Task details:
Return exactly the lines from the one containing "USB port and" through the end of the material below, and leave the images out.

══════════════════════════════

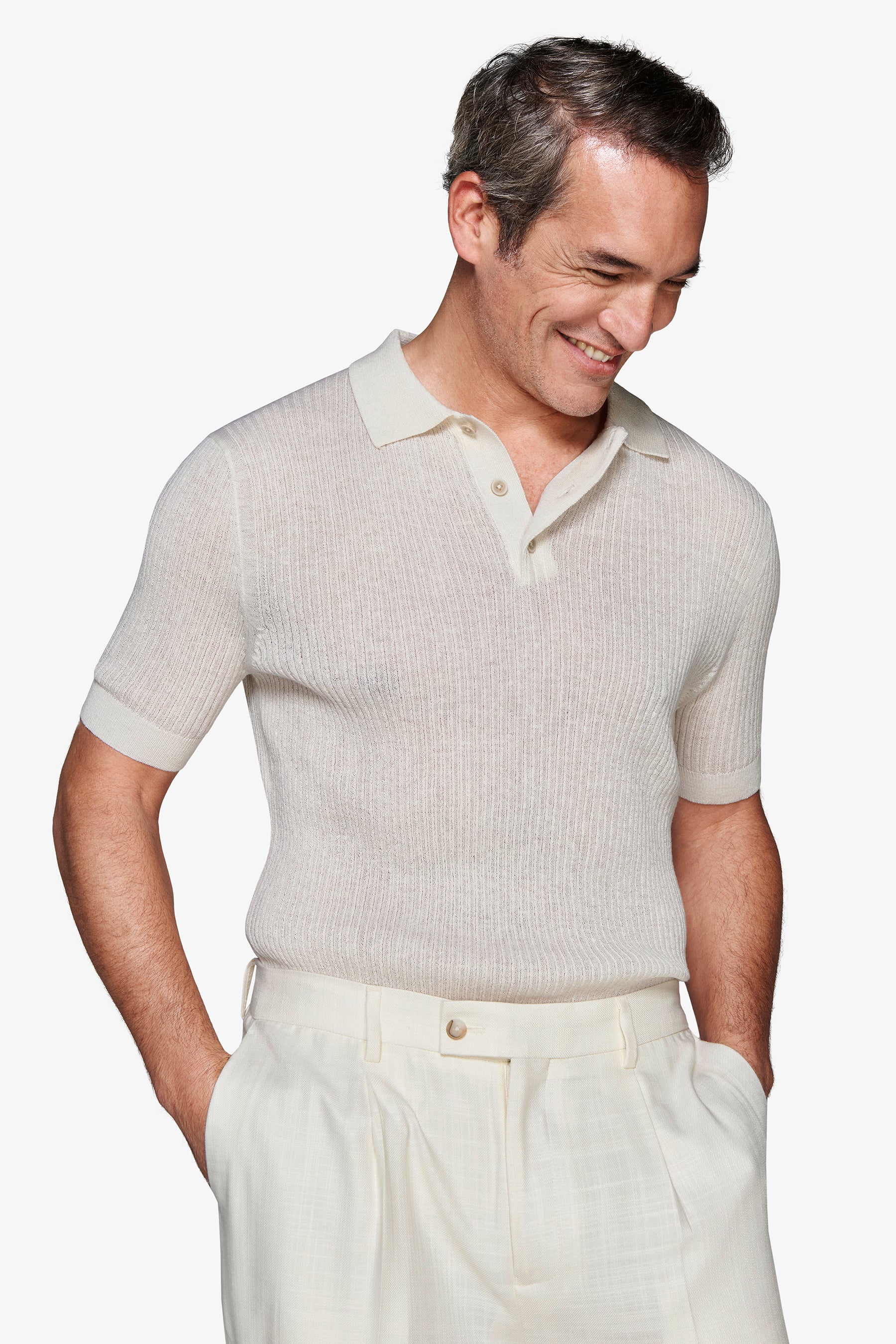 Polo in maglia misto lino burro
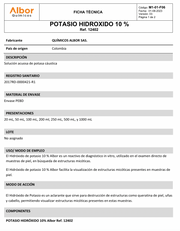 Hidróxido de Potasio 10% Albor 100ml - Jelt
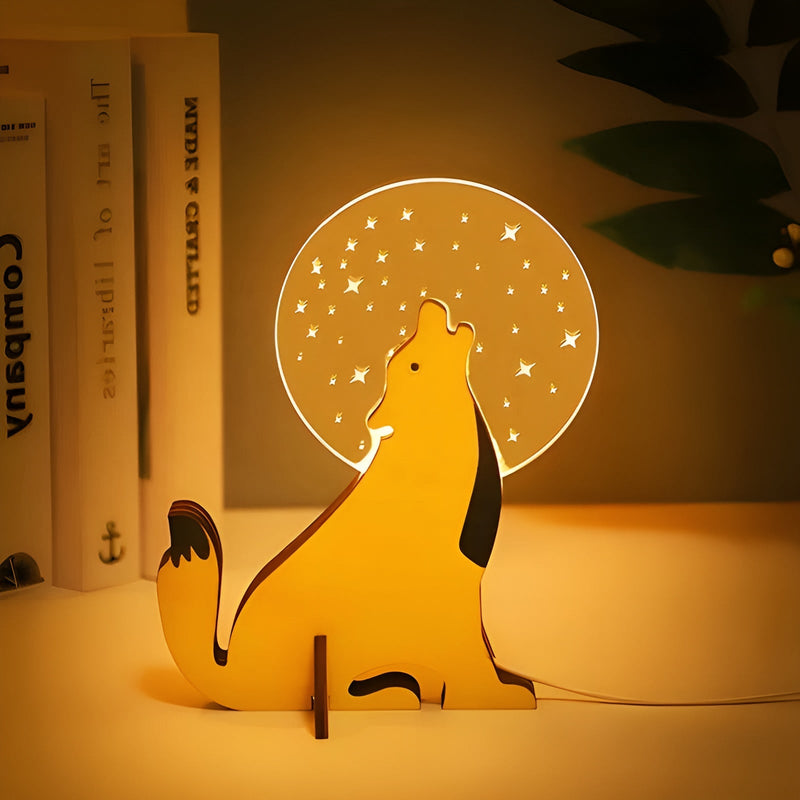 HolzHerz Kinder Nachtlicht Holz | Sanftes LED-Licht | USB-Betrieben & Kindgerecht | 16×20 cm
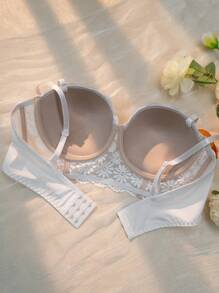Elegant White Floral Print Lace Bralette Bra For Women With Slight Stretch Knit Fabric - White - View 2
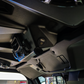 USB port and audio jack mounted on the overhead console of a vehicle cabin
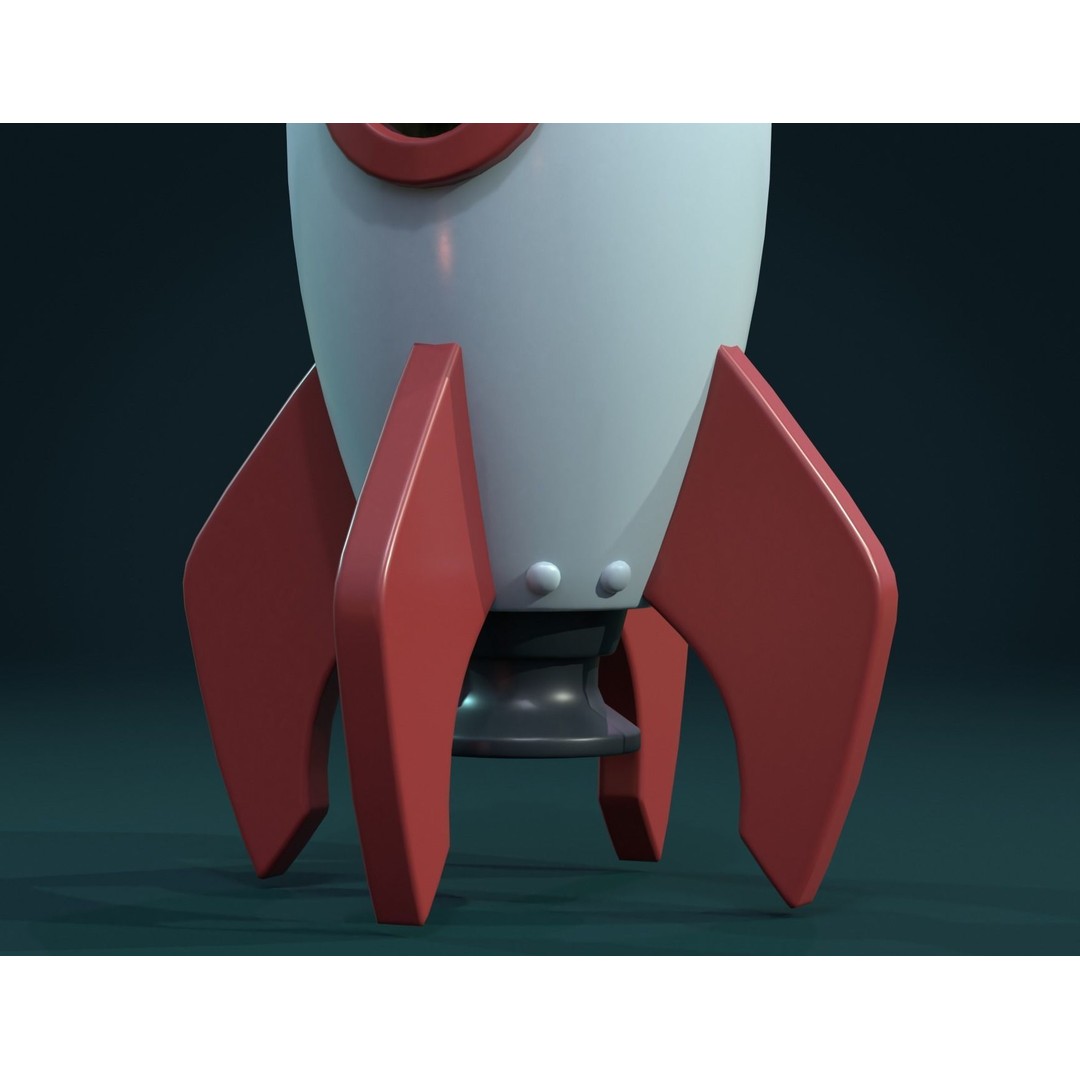 Cartoon Rocket 3D Model – Low Poly PBR Game Asset, FBX, Blender - View 7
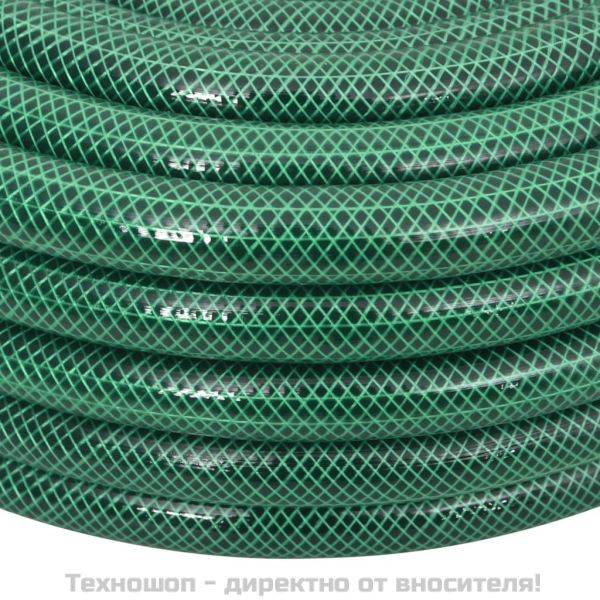 Градински маркуч с монтажен комплект, зелен, 0,75", 50 м, PVC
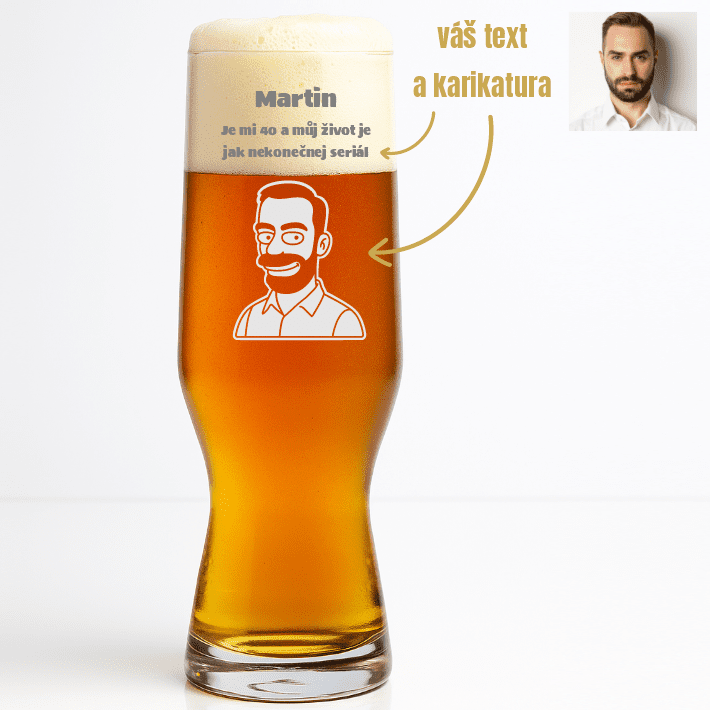 Dekorant Sklenice na pivo BEER CRAFT s karikaturou z fotky 550 ml 1KS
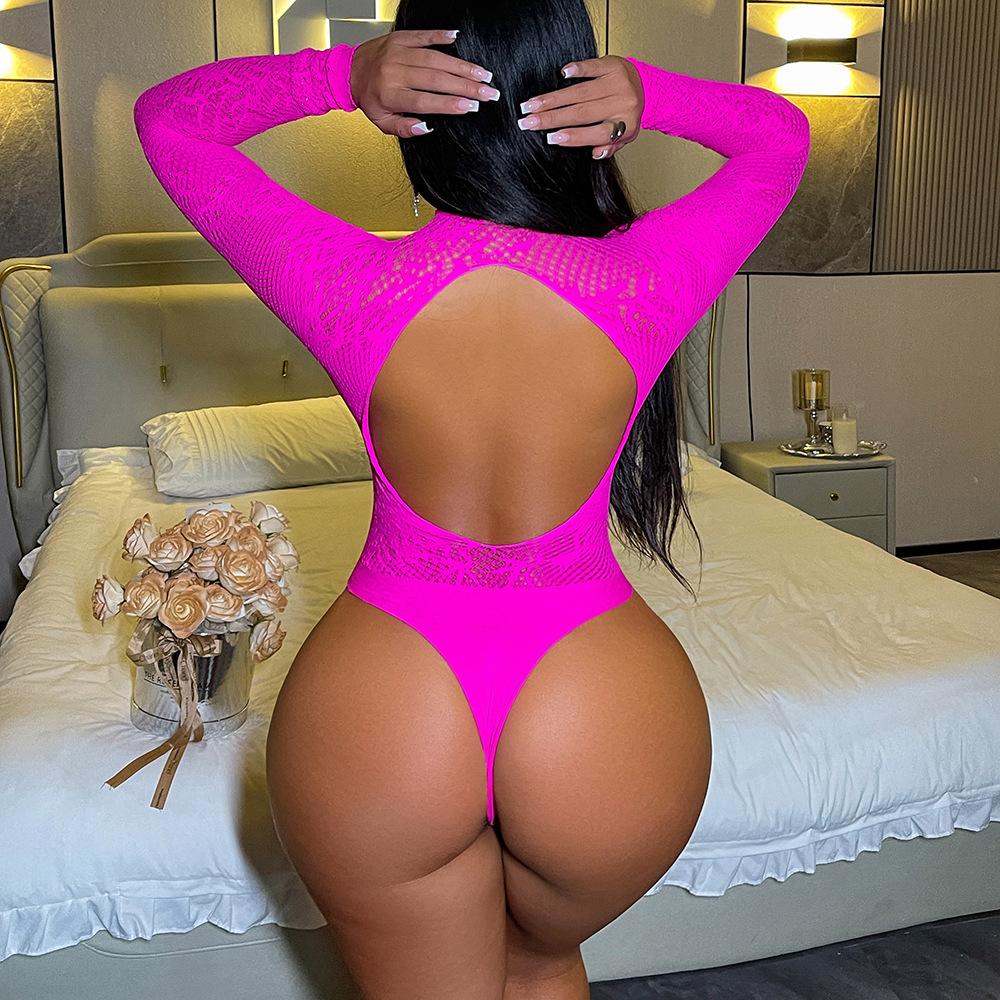 Sexy Underwear Hollow Mesh Coat Rose Red Long-sleeved Bikini Sexy Backless Fake Flesh One-piece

══════════════════════════════

Answer section:
 USB port and audio jack mounted on the overhead console of a vehicle cabin
 Cartoon Rocket 3D Model – Low Poly PBR Game Asset, FBX, Blender - View 7
 Градински маркуч с монтажен комплект, зелен, 0,75", 50 м, PVC
 Dekorant Sklenice na pivo BEER CRAFT s karikaturou z fotky 550 ml 1KS
 Sexy Underwear Hollow Mesh Coat Rose Red Long-sleeved Bikini Sexy Backless Fake Flesh One-piece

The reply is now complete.